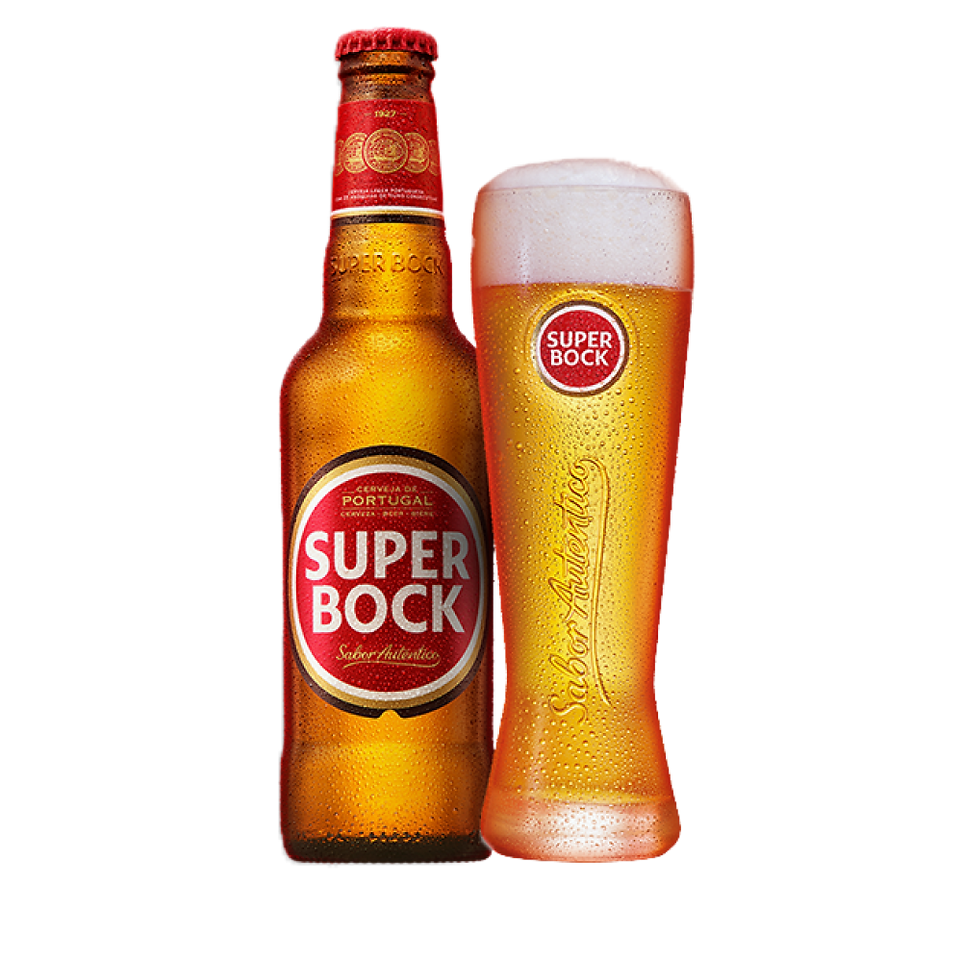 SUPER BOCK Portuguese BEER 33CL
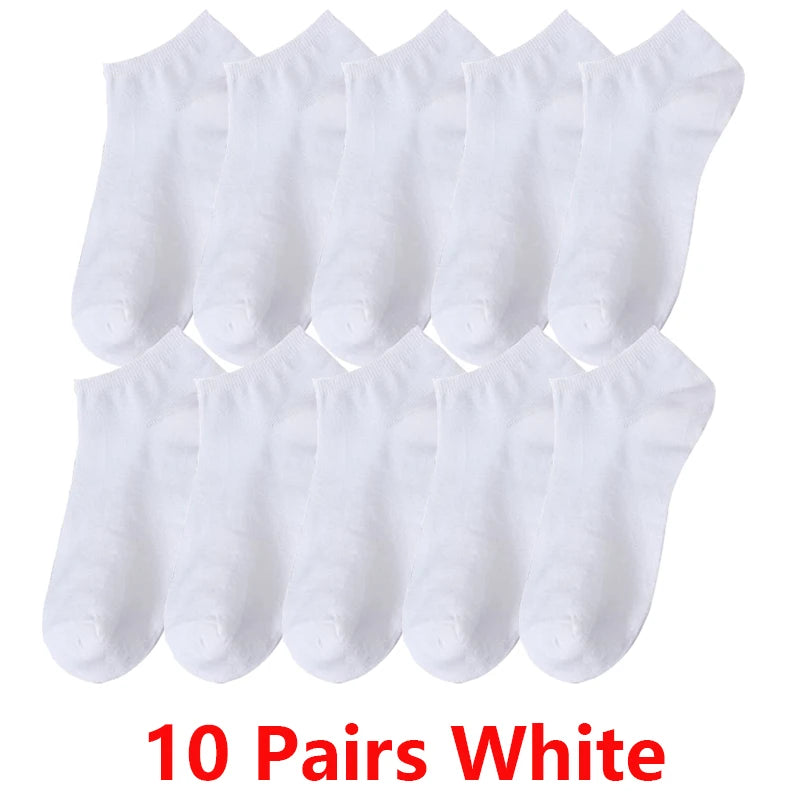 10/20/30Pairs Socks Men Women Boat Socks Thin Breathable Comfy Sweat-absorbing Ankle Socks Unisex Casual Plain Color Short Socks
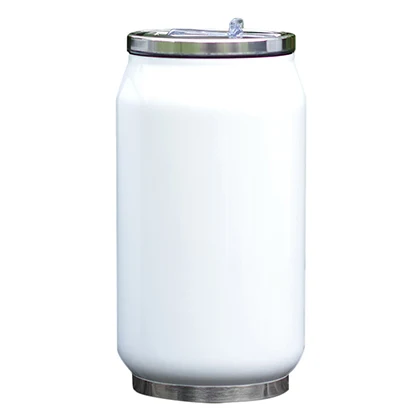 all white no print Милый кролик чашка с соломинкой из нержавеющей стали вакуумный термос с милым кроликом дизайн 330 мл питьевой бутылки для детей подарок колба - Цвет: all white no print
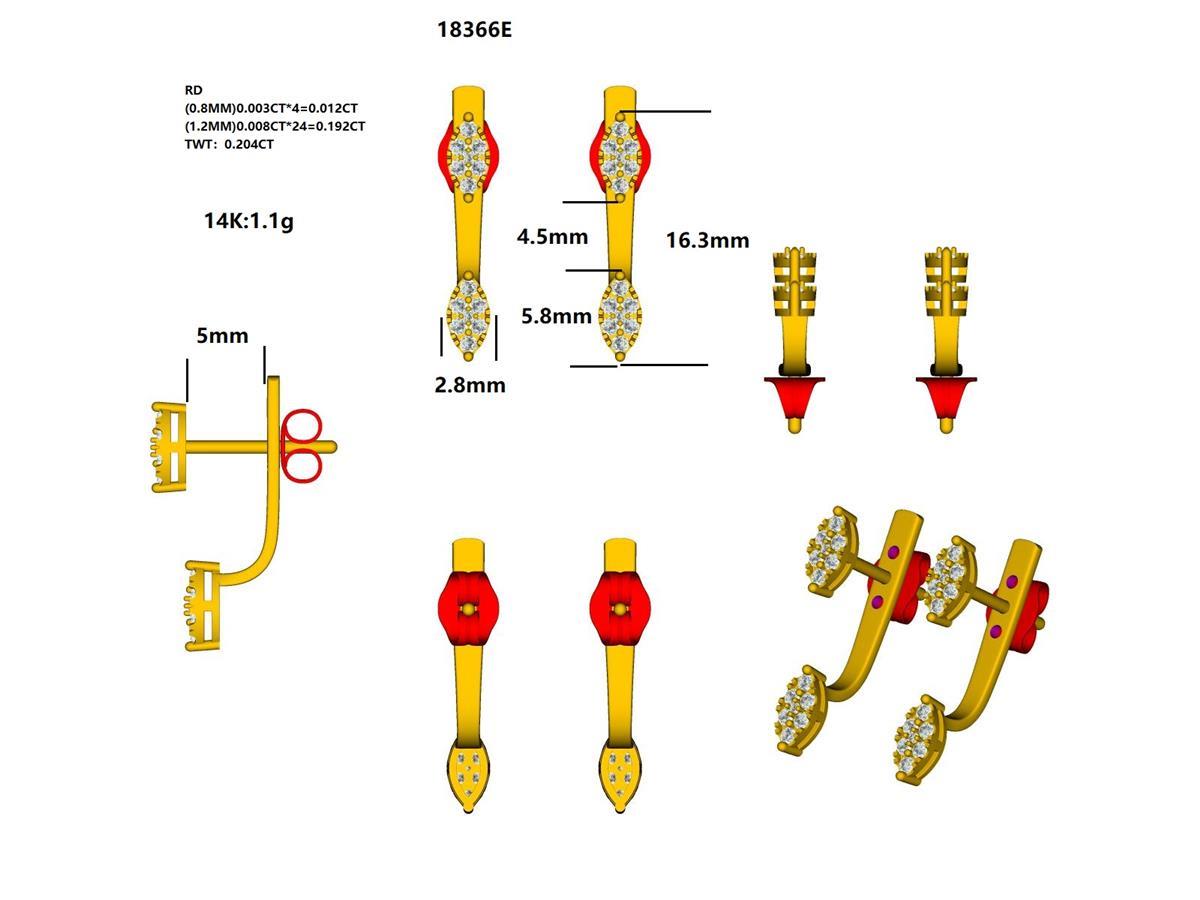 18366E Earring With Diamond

Task instructions
Apart from the pictures, every line of the data above should be given again exactly.

Output of the task
 SUPER BOCK Portuguese BEER 33CL
 10/20/30Pairs Socks Men Women Boat Socks Thin Breathable Comfy Sweat-absorbing Ankle Socks Unisex Casual Plain Color Short Socks
 all white no print Милый кролик чашка с соломинкой из нержавеющей стали вакуумный термос с милым кроликом дизайн 330 мл питьевой бутылки для детей подарок колба - Цвет: all white no print
 18366E Earring With Diamond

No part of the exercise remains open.